Les facteurs de durabilité de l’expérience sont :
- les aménagements sont faits à la demande et les bénéficiaires acceptent d’adhérer aux différents principes et sont engagés ;
- les aménagements sont faits sur des terres ayant fait l’objet d’accords socio-fonciers, ce qui atténue le risque d’insécurité foncière ;
- la formation des bénéficiaires qui permet une bonne appropriation et un meilleur entretien des aménagements ;
- la mise en place du COGES qui permet un bon entretien des aménagements notamment par une gestion du petit matériel utilisé lors des travaux ;
- la mise en place de coopérative pour mieux organiser les producteurs et valoriser leur production (fourniture d’intrants, recherche de marchés…) ;
- le fonds de roulement qui permet de maintenir la productivité des aménagements ;
- l’accompagnement et la disponibilité de l’encadrement technique.
La technique d’aménagement de type « PRP consolidé » est facilement reproductible et son coût est relativement raisonnable. Les estimations financières faites par les techniciens du Projet donnent un coût d’environ 1 200 000 FCFA à l’hectare ; la contribution des bénéficiaires est estimée à environ 30 000 FCFA à l’hectare.
Pour ce qui est des moyens humains :
- les Services Techniques Déconcentrés (STD) et les CRA sont dans toutes les communes, ce qui assure un encadrement qualifié de proximité ;
- les bénéficiaires assimilent et s’approprient bien les techniques d’aménagements.

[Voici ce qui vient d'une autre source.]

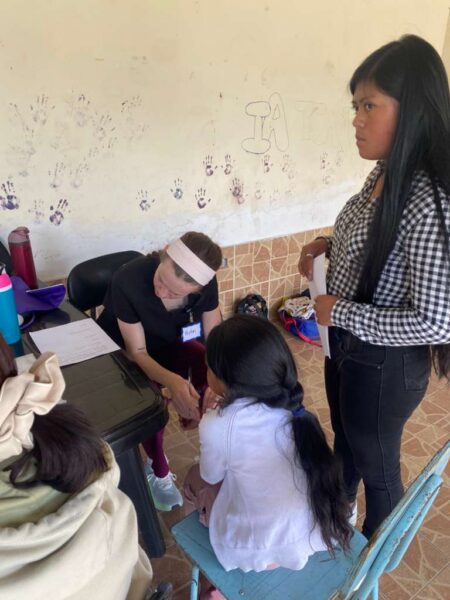 Bethel nursing student Peyton Dickinson assists a patient during a medical clinic in Ecuador while working alongside a translator.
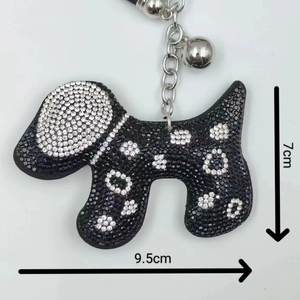 Détail du porte-clés chien noir avec motif floral en strass et clochette argentée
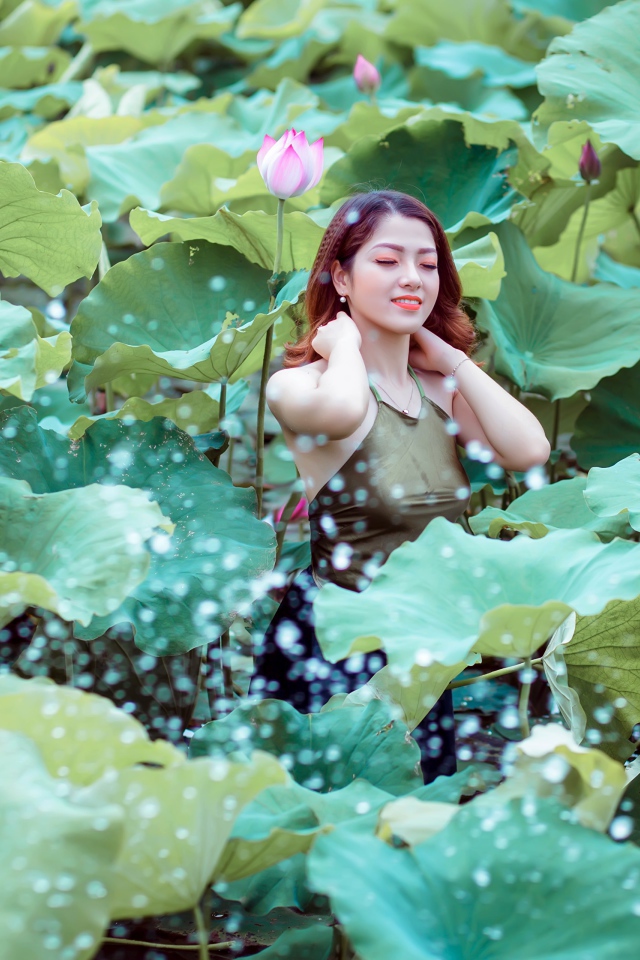 Красивая девушка азиатка в зеленых листьях лотоса 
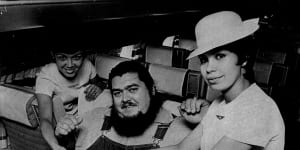 “When American wrestler Haystack Calhoun left Sydney today for Hong Kong,it took two hostess and two normal airline seats to fit him into Philippine Airlines DC8 jet. The hostesses are Teresita Fernandez,28,and Dolores Gomez,28,of Manila. December 7,1971.”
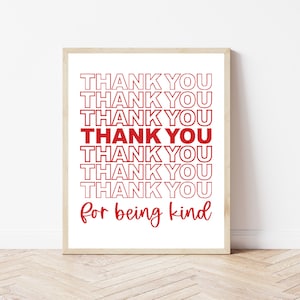 May include: A white framed print with the text "THANK YOU" repeated seven times in red, followed by "for being kind" in red cursive writing.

terres de bas-fonds peut constituer une contrainte pour la réalisation de ces aménagements.
❖ Perspectives et défis
Les perspectives de valorisation des bas-fonds notamment avec des travaux de type PRP consolidés ont de nombreux avantages et contribuent à l’atteinte de la sécurité alimentaire.
Cependant de nombreux défis restent à relever. Il s’agira de :
- trouver les meilleures approches pour rendre plus accessibles les carrières de moellons qui font l’objet de concurrence du fait d’autres utilisations (BTP, CES/DRS, etc.) ;
- résoudre la question sécuritaire qui rend inaccessibles certaines zones qui pourtant ont un potentiel en bas-fonds aménageables en PRP consolidé.